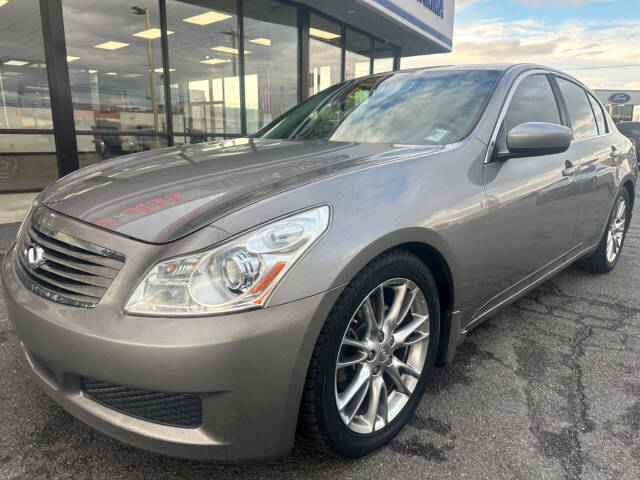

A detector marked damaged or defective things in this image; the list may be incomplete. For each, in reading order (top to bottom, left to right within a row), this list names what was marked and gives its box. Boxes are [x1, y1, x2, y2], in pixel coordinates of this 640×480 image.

cracked asphalt [1, 200, 640, 480]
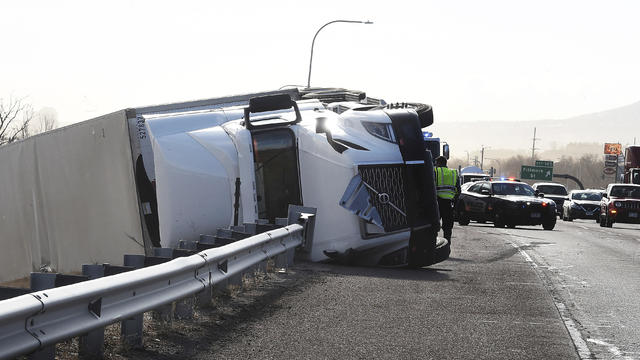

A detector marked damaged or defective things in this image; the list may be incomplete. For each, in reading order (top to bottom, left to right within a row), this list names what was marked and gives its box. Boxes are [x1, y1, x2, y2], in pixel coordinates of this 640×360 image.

overturned semi-truck [0, 86, 450, 282]
damaged truck grille [358, 165, 408, 232]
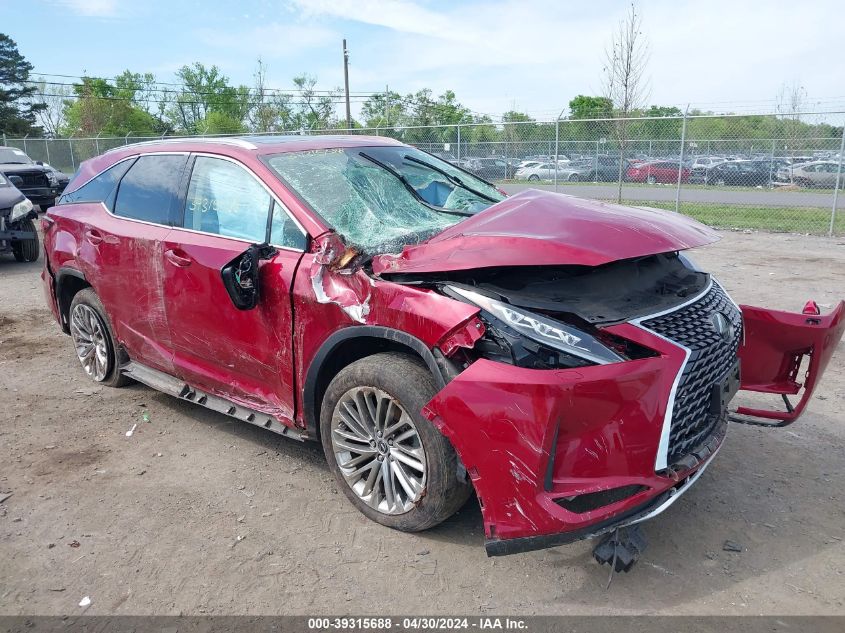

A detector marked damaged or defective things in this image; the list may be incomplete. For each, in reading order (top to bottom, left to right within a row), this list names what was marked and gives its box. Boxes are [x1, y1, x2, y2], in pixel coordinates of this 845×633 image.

shattered windshield [266, 145, 502, 252]
crumpled hood [374, 190, 720, 274]
dented door panel [732, 302, 844, 424]
crumpled front fender [732, 302, 844, 424]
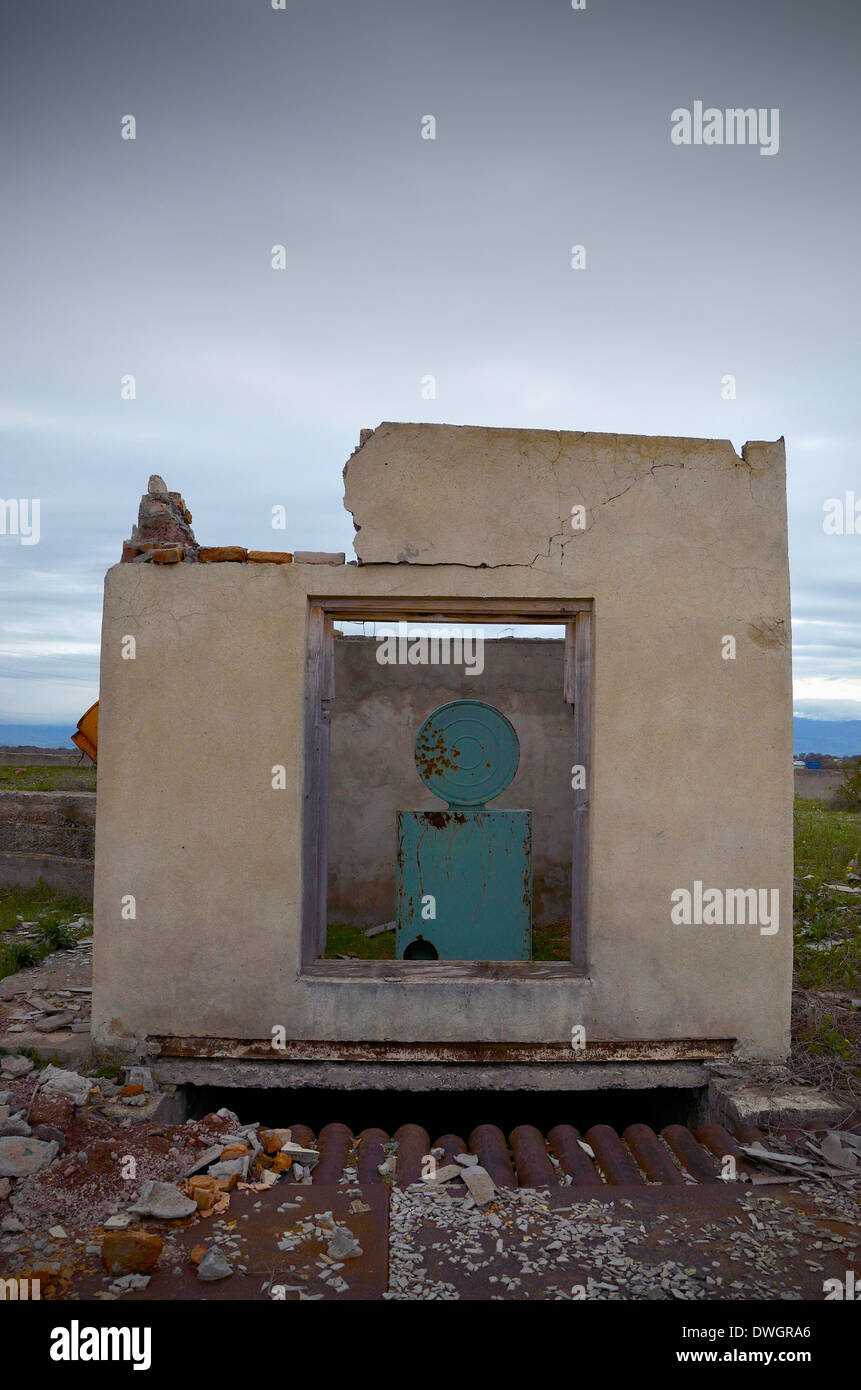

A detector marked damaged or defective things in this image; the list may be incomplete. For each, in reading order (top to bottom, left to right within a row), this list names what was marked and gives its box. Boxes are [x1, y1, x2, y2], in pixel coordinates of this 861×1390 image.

cracked stucco wall [94, 422, 795, 1061]
rusty streak on metal [150, 1034, 734, 1061]
rusty metal grate [278, 1112, 767, 1189]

■ **Work item**:
Write out the records in full and exactly, omitting the pictures they hold.

■ **Answer space**:
A detector marked damaged or defective things in this image; the list may be incomplete. For each, in reading order (top to bottom, left to right within a row), this list names what was marked and gives its box. Boxes are [x1, y1, x2, y2], in pixel coordinates of this 640×480 image.

cracked asphalt [1, 200, 640, 480]

A detector marked damaged or defective things in this image; the list may be incomplete. For each, in reading order (top to bottom, left to right within a row), this list names what was marked and gives its box. Boxes are [x1, y1, x2, y2], in pixel coordinates of this 640×360 image.

overturned semi-truck [0, 86, 450, 282]
damaged truck grille [358, 165, 408, 232]

A detector marked damaged or defective things in this image; the list may be incomplete. For each, in reading order (top to bottom, left to right within a row), this list names what was marked and gives its box. Boxes are [x1, y1, x2, y2], in pixel coordinates of this 845×633 image.

shattered windshield [266, 145, 502, 252]
crumpled hood [374, 190, 720, 274]
dented door panel [732, 302, 844, 424]
crumpled front fender [732, 302, 844, 424]

A detector marked damaged or defective things in this image; the list may be incomplete. For each, in reading order (top to bottom, left to right within a row), this list names what was marked and gives its box. Boxes are [x1, y1, x2, y2], in pixel coordinates of this 861×1390 image.

cracked stucco wall [94, 422, 795, 1061]
rusty streak on metal [150, 1034, 734, 1061]
rusty metal grate [278, 1112, 767, 1189]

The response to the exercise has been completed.